For two days in December, researchers and students converged on Technion to hear from the world’s foremost experts on one of the most dynamic and groundbreaking fields today: using deep learning and big data to improve healthcare.
Technion recently hosted the first ever “Biomedical Informatics – Big Data Science” Conference, drawing a large audience eager to hear about the latest developments in this fascinating field. Applying deep learning to medical data makes it possible to generate new hypotheses and to make discoveries that would not have been possible in the past. The conference was brilliantly organized by Prof. Roy Kishony, world authority on antibiotic resistance and Head of the Technion Lokey Center for Life Sciences and Engineering and Dr. Kira Radinsky, visiting Technion professor and director of data science of eBay. Their unique synergy resulted in a precise mix of speakers who covered a wide range of topics – from practical applications of data science in medical care to ethical precision medicine and next generation healthcare. In the course of two days, 24 eminent speakers from around the world shared their latest research findings with the international audience. The conference was sponsored by Yad Hanadiv.

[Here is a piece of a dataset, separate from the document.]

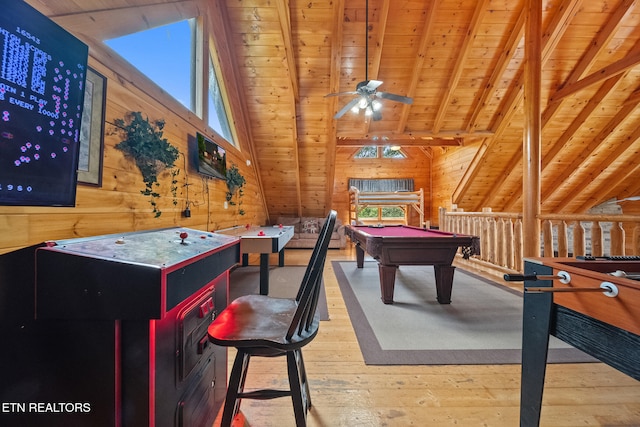 2006 Cougar Crossing Way, Sevierville, TN 37862 - recreation room with wood-type flooring, plenty of natural light, wood walls, ceiling fan, and pool table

“We’re living in a fascinating era for scientific research, an era where extensive data is used to improve diagnoses and treatments”
– President Prof. Peretz Lavie
Prof. Shai Shen-Orr, of the Rappaport Faculty of Medicine and the conference organizing team, addressed the ongoing efforts to build a cell-centered view of genomic data that can be integrated with primary immunology literature.
Experts from around the world included Prof. Nigam Shah from Stanford University, who described the initiative he leads, which takes data from electronic health records and uses machine learning to help doctors answer clinical questions. Dr. Hannah Bayer, a neuroscientist from New York University, spoke about the HUMAN Project, which studies 10,000 New York City residents over a period of 20 years, tracking everything from financial and social data to environmental and health factors.